As for Government Members, the hon. Member for Billericay (Mrs. Gorman) called for a real free market in housing. She wanted the abolition of planning constraints and of the homeless persons legislation. "Let's get rid of all the distortions in the housing market," she said.
The hon. Member for High Peak (Mr. Hendry)--the chairman of the all-party homelessness group--told us that there could not be a problem with homelessness because not many homeless people are writing to him. We then heard what was perhaps the most revealing remark of all from the hon. Member for Hexham (Mr. Atkinson), who said that he was previously the chairman of Wandsworth's--perhaps appropriately named--disposals committee. He said that the homeless people he meets on his way home are there of their own volition. May he stand condemned from his own mouth. That is the real Tory view shining through again : it is not the Government who are the problem ; it is always the people who are to blame.
It is crystal clear that the Conservative party's policies still pull towards the notion of owner-occupation for everyone and leaving housing to the free market. In stark contrast, we argue for tackling the causes of the housing and homeless crisis. We campaigned for national policies and strategies that increase the number of desperately needed decent and affordable homes to rent. We demand that the Government call off their petty vendetta against local councils and allow them to play a positive role in housing provision.

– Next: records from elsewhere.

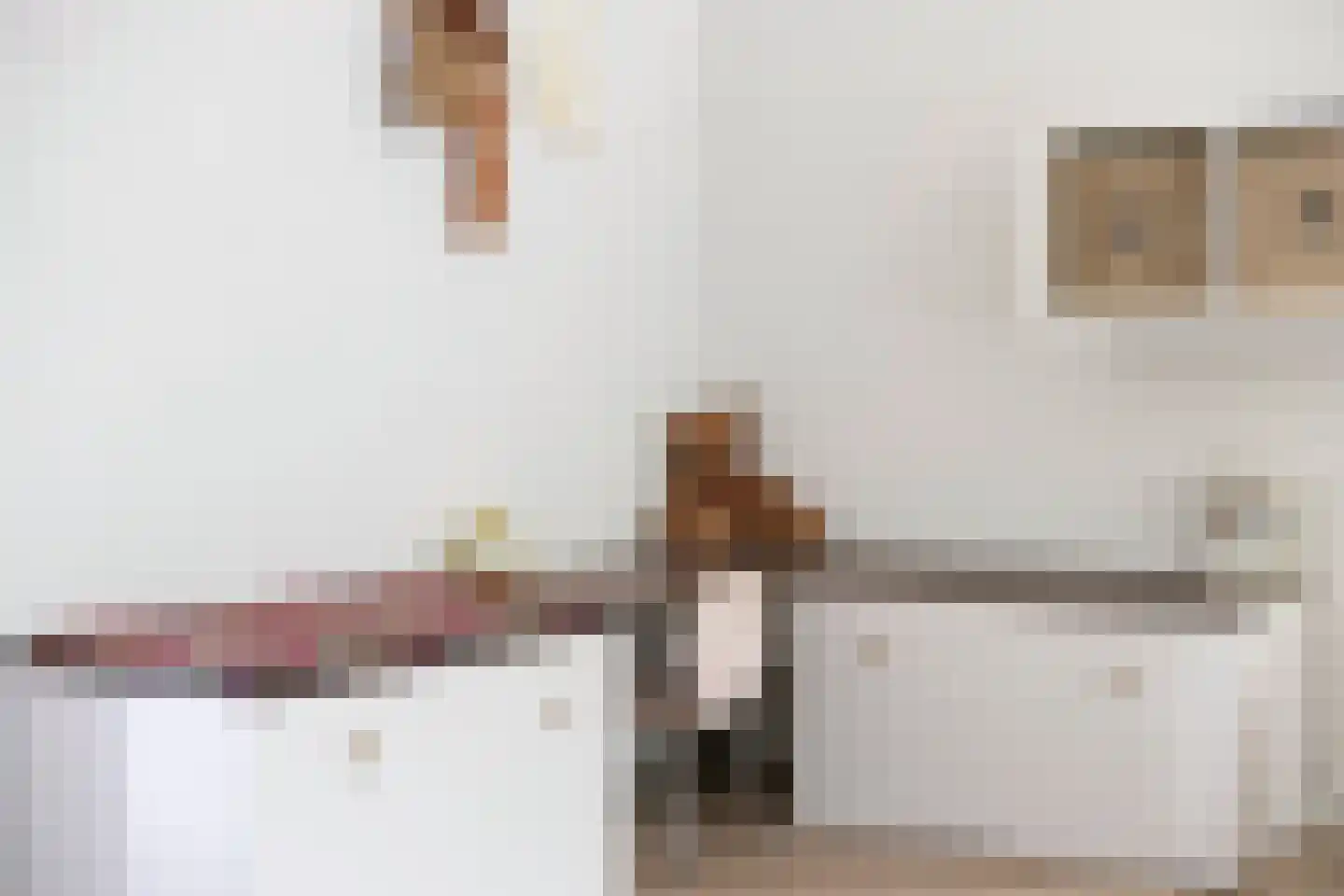 Stokroos 1 Nieuwegein thumbnail 11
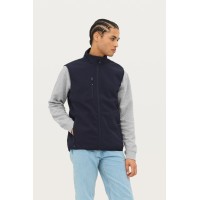 Жилет Falcon BW Men, синий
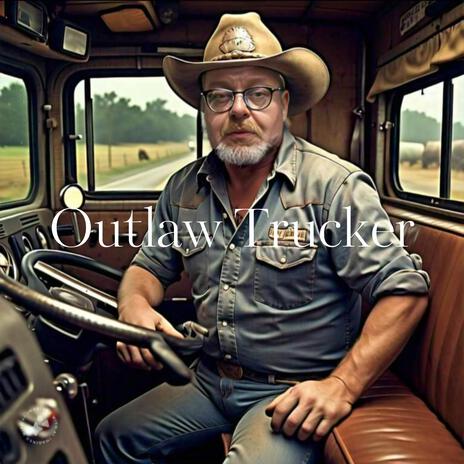 Outlaw Trucker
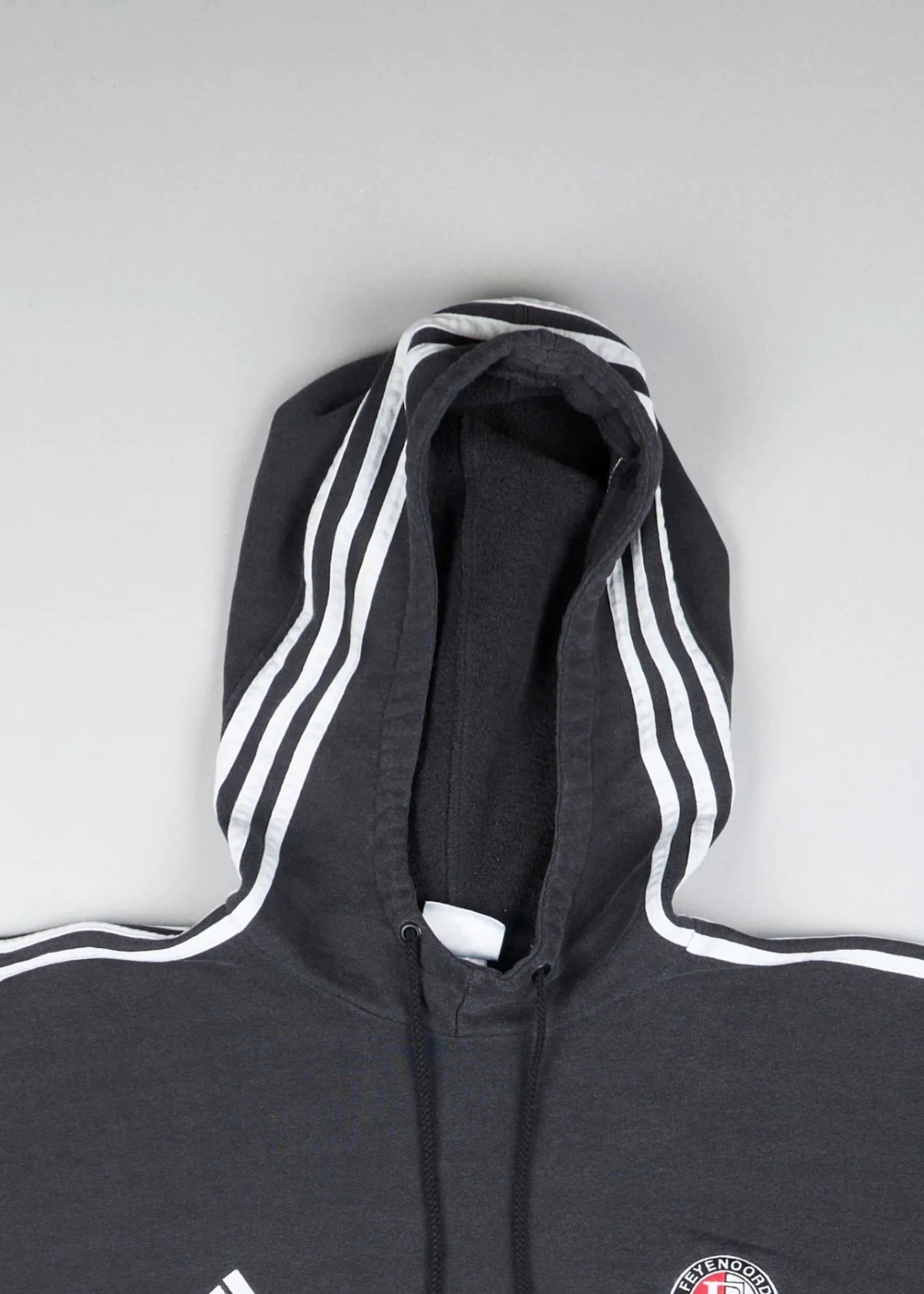 Adidas - Hoodie (XL) Top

Under each of the four Conservative Governments in recent years, housing investment has taken the brunt of Budget cuts. The amount spent on housing is down from 4.7 per cent. of gross domestic product in 1979 under Labour to a mere 1.5 per cent. In the Chancellor's November Budget last year the housing budget again was hammered. Little wonder that the amount of empty accommodation has increased by seven times under the Conservative Government. Little wonder that the number of homeless families has trebled since 1979. Yet the Government's Treasury press release on Budget day positively crowed that housing was a key area of "significant savings". That is what the Treasury had to say.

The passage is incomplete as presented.